╭─ Source information
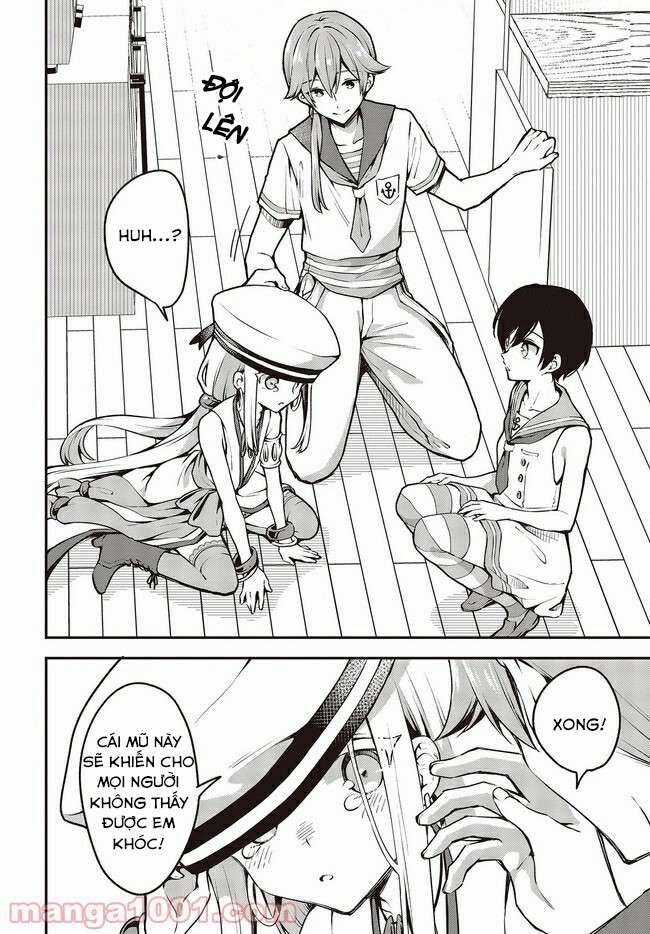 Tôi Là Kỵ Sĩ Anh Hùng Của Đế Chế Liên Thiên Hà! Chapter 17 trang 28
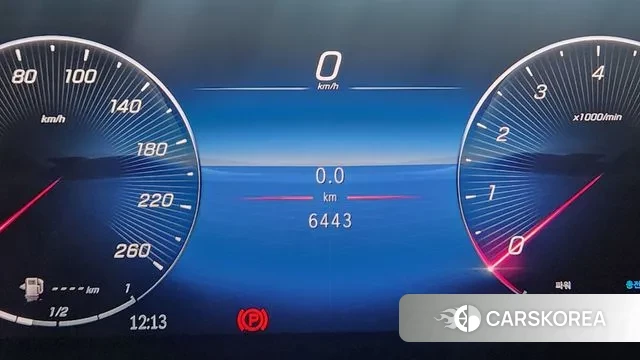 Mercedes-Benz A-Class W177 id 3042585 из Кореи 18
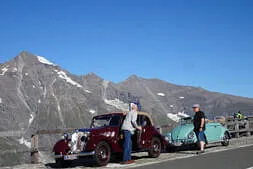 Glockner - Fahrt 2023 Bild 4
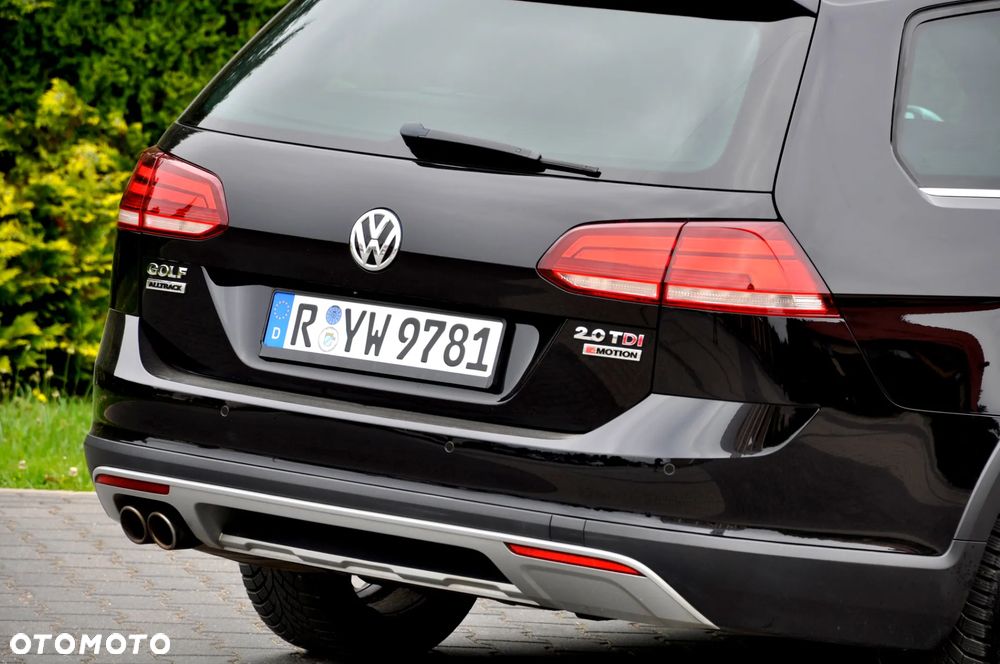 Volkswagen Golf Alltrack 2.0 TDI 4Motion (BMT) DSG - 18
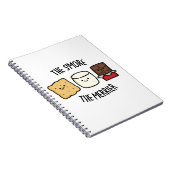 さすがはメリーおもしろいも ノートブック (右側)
╰─
_Task goal:_ Without the pictures, reproduce the entries exactly.

_Completed exercise:_
 Tôi Là Kỵ Sĩ Anh Hùng Của Đế Chế Liên Thiên Hà! Chapter 17 trang 28
 Mercedes-Benz A-Class W177 id 3042585 из Кореи 18
 Glockner - Fahrt 2023 Bild 4
 Volkswagen Golf Alltrack 2.0 TDI 4Motion (BMT) DSG - 18
 さすがはメリーおもしろいも ノートブック (右側)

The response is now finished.